DATASET EXCERPTS:
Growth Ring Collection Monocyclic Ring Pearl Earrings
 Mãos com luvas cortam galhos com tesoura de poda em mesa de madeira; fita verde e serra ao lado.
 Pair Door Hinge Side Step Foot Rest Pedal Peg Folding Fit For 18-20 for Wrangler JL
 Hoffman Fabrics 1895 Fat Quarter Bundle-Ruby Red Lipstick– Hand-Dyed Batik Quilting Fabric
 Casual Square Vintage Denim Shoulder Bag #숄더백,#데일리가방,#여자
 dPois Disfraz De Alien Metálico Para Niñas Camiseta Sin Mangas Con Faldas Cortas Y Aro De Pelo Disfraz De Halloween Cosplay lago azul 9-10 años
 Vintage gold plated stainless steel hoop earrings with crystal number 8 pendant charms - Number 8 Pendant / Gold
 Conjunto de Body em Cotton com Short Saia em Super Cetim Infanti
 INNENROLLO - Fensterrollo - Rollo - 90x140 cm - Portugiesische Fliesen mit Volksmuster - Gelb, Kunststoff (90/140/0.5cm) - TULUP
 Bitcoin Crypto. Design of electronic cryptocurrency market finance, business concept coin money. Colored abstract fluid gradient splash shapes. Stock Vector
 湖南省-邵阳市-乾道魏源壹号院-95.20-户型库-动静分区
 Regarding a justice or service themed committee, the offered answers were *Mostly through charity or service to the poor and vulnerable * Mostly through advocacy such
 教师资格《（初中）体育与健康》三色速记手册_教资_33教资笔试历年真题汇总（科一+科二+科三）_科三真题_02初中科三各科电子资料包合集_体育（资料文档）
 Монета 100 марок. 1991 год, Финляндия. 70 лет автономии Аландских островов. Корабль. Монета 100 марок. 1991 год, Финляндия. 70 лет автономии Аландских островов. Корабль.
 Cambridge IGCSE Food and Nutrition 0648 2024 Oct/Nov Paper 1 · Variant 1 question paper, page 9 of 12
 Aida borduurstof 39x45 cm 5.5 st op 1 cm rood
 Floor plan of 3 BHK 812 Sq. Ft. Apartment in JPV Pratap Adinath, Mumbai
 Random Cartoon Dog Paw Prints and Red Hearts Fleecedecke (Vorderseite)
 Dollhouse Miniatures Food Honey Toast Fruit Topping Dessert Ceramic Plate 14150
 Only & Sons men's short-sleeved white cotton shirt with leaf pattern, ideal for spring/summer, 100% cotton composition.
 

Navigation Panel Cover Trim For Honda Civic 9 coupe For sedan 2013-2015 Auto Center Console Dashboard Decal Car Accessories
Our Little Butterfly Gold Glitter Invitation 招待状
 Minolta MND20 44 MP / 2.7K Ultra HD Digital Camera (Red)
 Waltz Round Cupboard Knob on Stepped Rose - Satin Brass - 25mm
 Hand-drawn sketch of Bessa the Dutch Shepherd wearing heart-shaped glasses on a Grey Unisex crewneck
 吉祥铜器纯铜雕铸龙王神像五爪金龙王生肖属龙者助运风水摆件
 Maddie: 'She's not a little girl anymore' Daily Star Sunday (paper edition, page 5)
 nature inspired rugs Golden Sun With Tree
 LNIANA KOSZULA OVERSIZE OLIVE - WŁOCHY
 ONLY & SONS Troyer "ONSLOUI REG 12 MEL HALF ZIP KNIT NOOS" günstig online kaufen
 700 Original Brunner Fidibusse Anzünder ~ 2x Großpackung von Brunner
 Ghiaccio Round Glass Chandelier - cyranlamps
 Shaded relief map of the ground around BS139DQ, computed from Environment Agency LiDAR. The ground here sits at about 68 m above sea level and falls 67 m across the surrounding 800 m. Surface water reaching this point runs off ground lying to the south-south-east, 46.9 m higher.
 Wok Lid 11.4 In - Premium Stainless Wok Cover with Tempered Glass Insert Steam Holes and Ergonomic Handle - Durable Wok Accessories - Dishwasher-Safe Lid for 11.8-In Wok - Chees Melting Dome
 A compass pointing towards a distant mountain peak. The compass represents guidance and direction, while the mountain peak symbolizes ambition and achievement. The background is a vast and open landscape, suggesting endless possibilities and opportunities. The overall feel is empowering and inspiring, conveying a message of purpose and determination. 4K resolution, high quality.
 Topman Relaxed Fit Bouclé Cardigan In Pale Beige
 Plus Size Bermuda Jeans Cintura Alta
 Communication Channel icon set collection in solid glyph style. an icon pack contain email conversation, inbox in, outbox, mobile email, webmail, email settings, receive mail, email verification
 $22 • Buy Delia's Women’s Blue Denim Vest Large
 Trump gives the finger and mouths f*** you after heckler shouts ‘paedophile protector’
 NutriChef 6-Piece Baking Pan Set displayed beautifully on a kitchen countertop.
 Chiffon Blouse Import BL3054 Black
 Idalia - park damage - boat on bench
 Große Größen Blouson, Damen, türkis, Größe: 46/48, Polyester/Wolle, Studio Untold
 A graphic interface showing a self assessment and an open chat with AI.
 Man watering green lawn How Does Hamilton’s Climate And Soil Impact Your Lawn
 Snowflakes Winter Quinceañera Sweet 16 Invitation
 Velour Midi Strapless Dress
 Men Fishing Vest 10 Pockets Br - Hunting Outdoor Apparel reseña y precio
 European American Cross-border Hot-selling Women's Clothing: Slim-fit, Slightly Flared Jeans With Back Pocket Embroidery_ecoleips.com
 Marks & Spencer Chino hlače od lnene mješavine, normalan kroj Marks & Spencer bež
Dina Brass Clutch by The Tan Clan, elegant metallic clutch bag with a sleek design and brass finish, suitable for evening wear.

EXERCISE GOAL:
What are the lines from the one containing "Communication Channel icon" through the end of the material? Reproduce them exactly, both ends included, with nothing added.

SOLVED PROBLEM:
 Communication Channel icon set collection in solid glyph style. an icon pack contain email conversation, inbox in, outbox, mobile email, webmail, email settings, receive mail, email verification
 $22 • Buy Delia's Women’s Blue Denim Vest Large
 Trump gives the finger and mouths f*** you after heckler shouts ‘paedophile protector’
 NutriChef 6-Piece Baking Pan Set displayed beautifully on a kitchen countertop.
 Chiffon Blouse Import BL3054 Black
 Idalia - park damage - boat on bench
 Große Größen Blouson, Damen, türkis, Größe: 46/48, Polyester/Wolle, Studio Untold
 A graphic interface showing a self assessment and an open chat with AI.
 Man watering green lawn How Does Hamilton’s Climate And Soil Impact Your Lawn
 Snowflakes Winter Quinceañera Sweet 16 Invitation
 Velour Midi Strapless Dress
 Men Fishing Vest 10 Pockets Br - Hunting Outdoor Apparel reseña y precio
 European American Cross-border Hot-selling Women's Clothing: Slim-fit, Slightly Flared Jeans With Back Pocket Embroidery_ecoleips.com
 Marks & Spencer Chino hlače od lnene mješavine, normalan kroj Marks & Spencer bež
Dina Brass Clutch by The Tan Clan, elegant metallic clutch bag with a sleek design and brass finish, suitable for evening wear.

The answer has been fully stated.